The high prices in the local market and low supply have affected exporters negatively.
Doreen Gacheri, founder of Moissanite, another firm that exports meat to Gulf countries says the demand is exceptionally high, and most exporters are struggling to keep up.
“Just a year ago, during this same period, we used to buy goat meat for Sh450 per kilo. However, the current price has surged to Sh680 per kilo, and this has a direct impact on our export business,” she says.
“In light of the increased costs, we’ve had to adjust our export prices to $6.5 per kilo (Sh980) to maintain competitiveness in the export market,” she adds.
However, she is hopeful that with the current rains, the livestock industry will recover, or else their export business stares at a bleak future.

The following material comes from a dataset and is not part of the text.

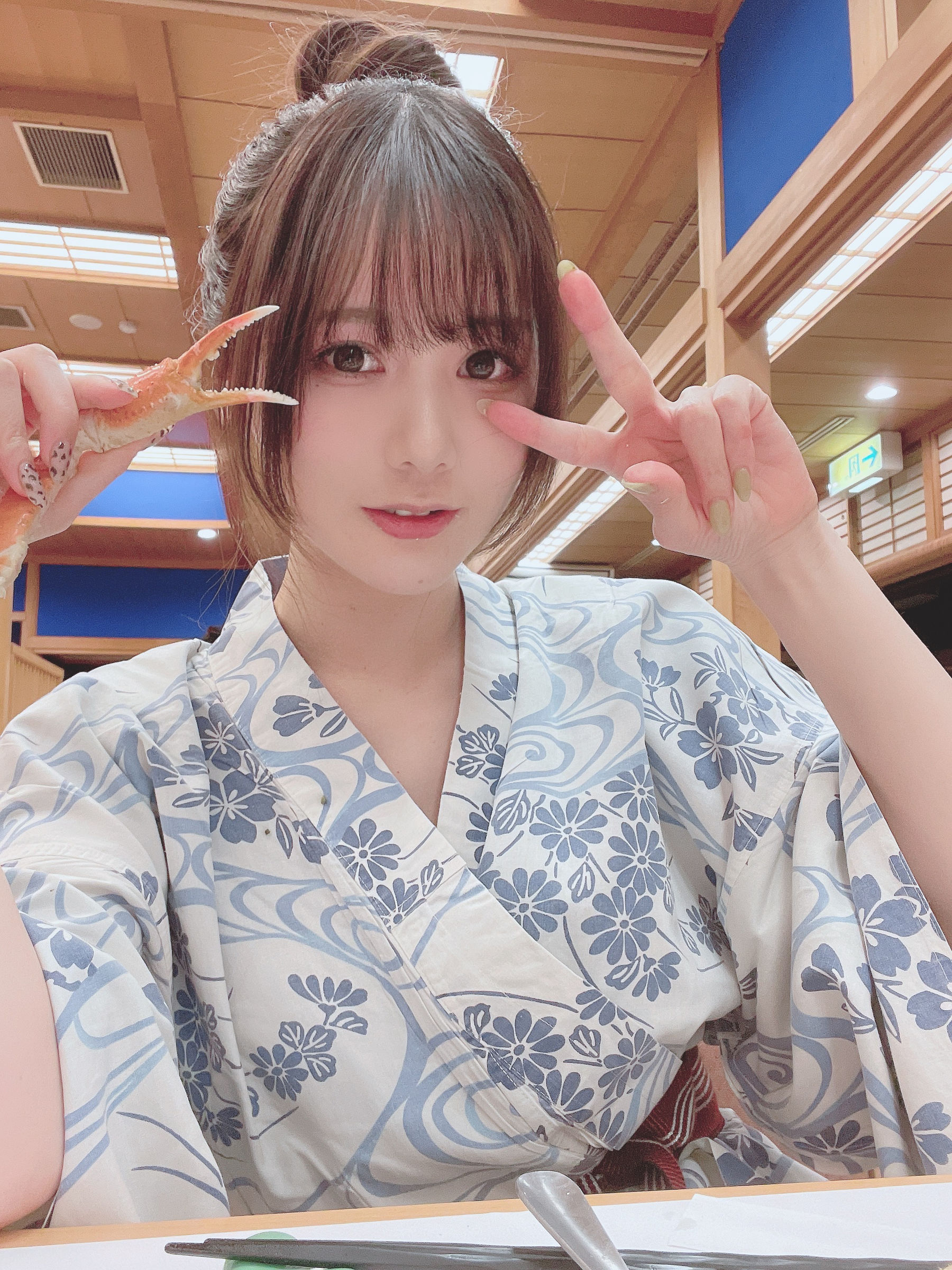 [福利COS] 日本甜美COSERけんけん[fantia] 20211120-温泉旅おまけ♨️ まっしろでふわふわ第3张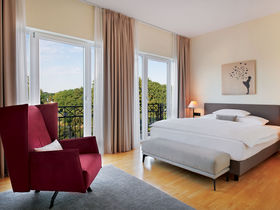 Romantischer Tag für Verliebte mit Candle-Light-Dinner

Moses Mbugua, who owns a butchery in Nairobi’s Pipeline, says not too long ago, he could buy the meat for Sh560 a kilo, but not any more, and that many Kenyans, once loyal to goat meat, may begin to reconsider their options.
“We are seeing some opt for beef or pork,” says Mr Mbugua.
Sheila Wawire, who sells goat meat in a restaurant, says she has had to reduce servings.
“You have to either reduce portion sizes or increase prices on all goat meat dishes. Another option is to remove goat from the menu,” she says.